The study, LinkedIn’s marketing think tank, The B2B Institute, and the Ehrenberg-Bass Institute at the University of South Australia, looked at the preferences of 600+ buyers of business banking in the UK and 600+ buyers of business insurance in the US.
The ‘Brand Rejection in B2B: Incidence, Reasons and Implications’ report outlines the need for B2B marketers to reject imagined barriers to non-customers buying and embrace customer acquisition as the key path to growth.
By understanding the buying preferences of 600+ buyers of business banking in the UK (who considered 22 UK banking brands), and 600+ buyers of business insurance in the US (who considered 17 US business insurance brands), the research uncovered five primary insights:
1. Incidence of brand rejection is around 10% – Brand rejection averages at 11% for UK business banks and 7% for US business insurance firms, which is similar to the 9% found in similar B2C markets.
2. The majority of a brand’s past defectors will consider buying that brand again in the future – Defecting from a B2B brand does not mean a buyer is unwilling to buy from that company in the future. 2 in 3 lapsed B2B buyers of UK business banks, and 4 in 5 lapsed buyers of US business insurance companies, would consider buying from the brand they defected from again in the future.

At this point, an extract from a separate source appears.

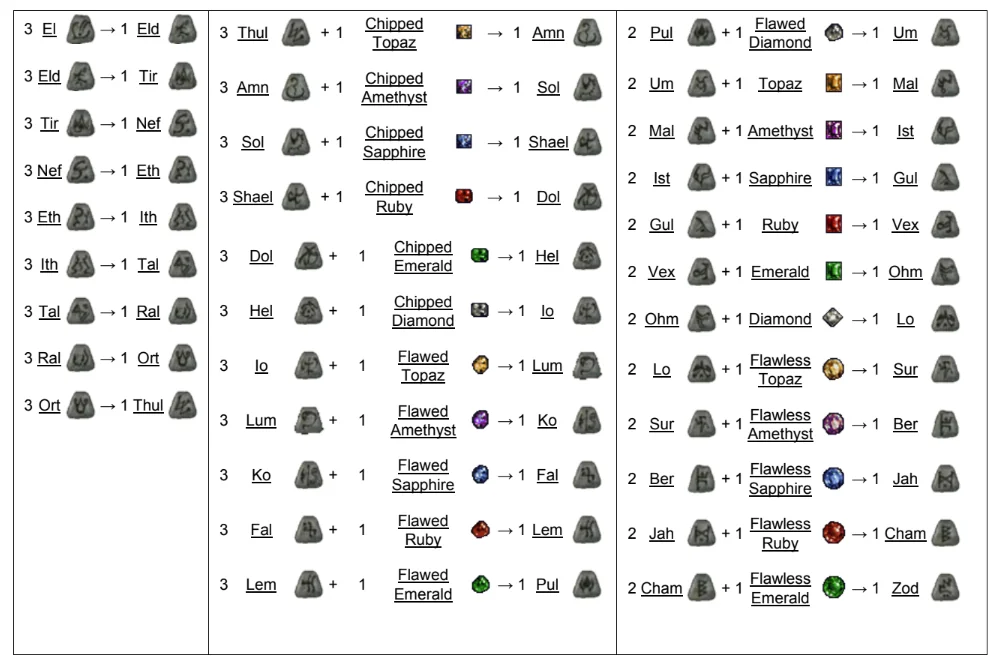 d2r runes recipes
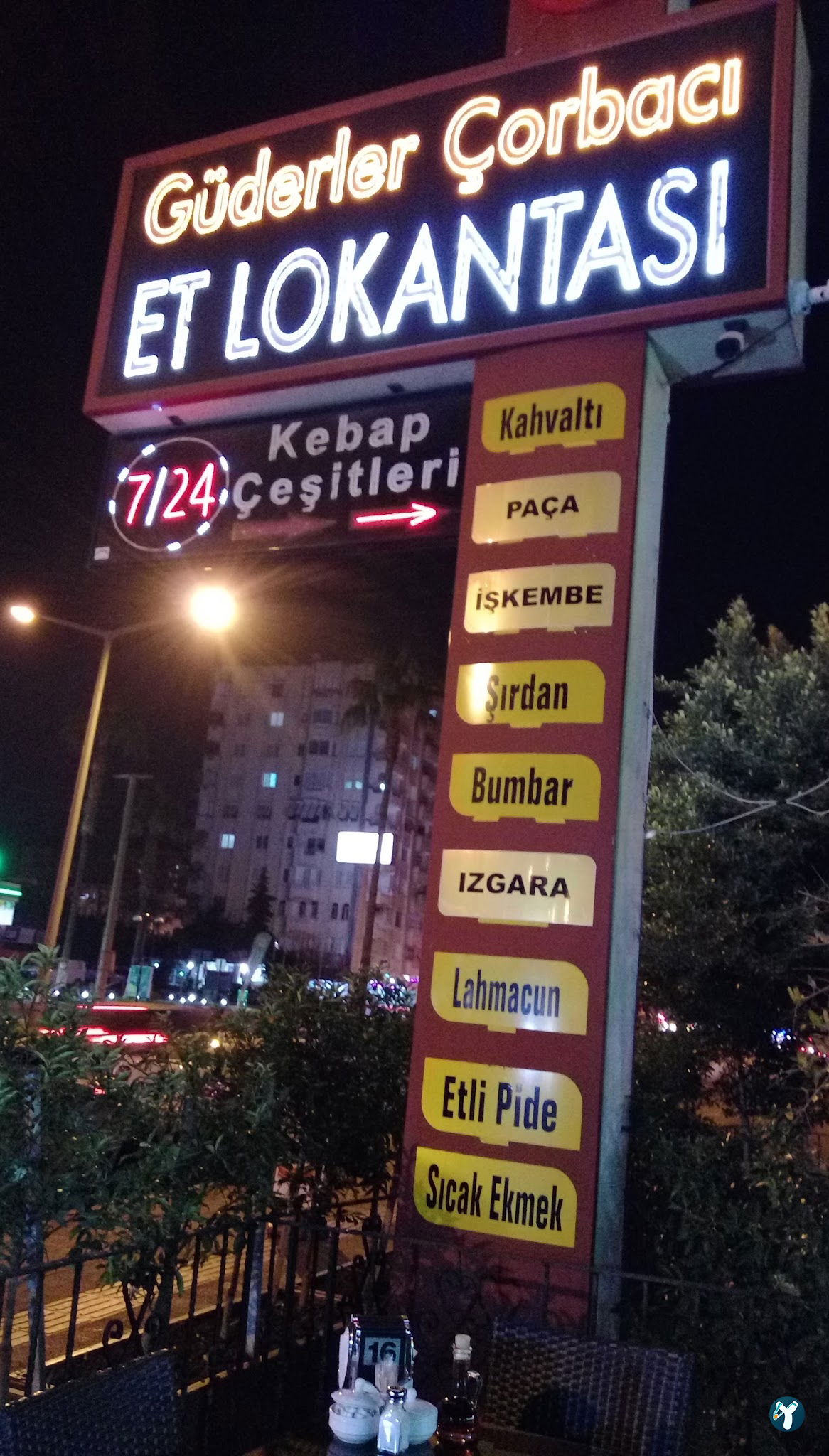 Güderler Et Lokantası & Çorbacı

3. 9 in 10 who have never been a customer do not actively reject a brand – The vast majority of a B2B brand’s non-buyers do not hold any negative attitudes that could be a barrier to becoming a future customer.
4. Lack of brand awareness is a 4-8x bigger problem than brand rejection, particularly for smaller B2B brands – Smaller B2B brands are small primarily because most potential customers do not know the brand exists. Surprisingly, even the most well-known B2B brands in the category had more potential customers unaware of the brand than active rejectors.
5. Reasons for rejection are wide-ranging and so would be very difficult to address – The most common reason for brand rejection in both categories is company history, but no single issue accounts for more than 20% of brand rejection. Therefore, using reasons for rejection as a basis for designing your sales or communications strategy will be difficult and unrewarding.
The author of the report, Professor Jenni Romaniuk, Research Professor and Associate Director (International) at the Ehrenberg-Bass Institute, the University of South Australia, comments: “The results of this paper are clear: brand rejection is not the reason why the vast majority of buyers do not buy a B2B brand. Put simply, B2B marketers should stop worrying about whether people dislike the company or if people are saying negative things to others. Instead they must focus on building memory structures so the brand is front of mind when they are in the market to make a purchase.”
Jann Martin Schwarz, Senior Director, Global Head of The B2B Institute, said: “This important research by one of the world’s leading marketing effectiveness scholars shows that many B2B marketers can’t see the wood for the trees when they focus on how they are being perceived. This data shows they are not being perceived at all by most of their potential buyers. Effective B2B marketing is first and foremost about increasing reach – making sure people know you exist.”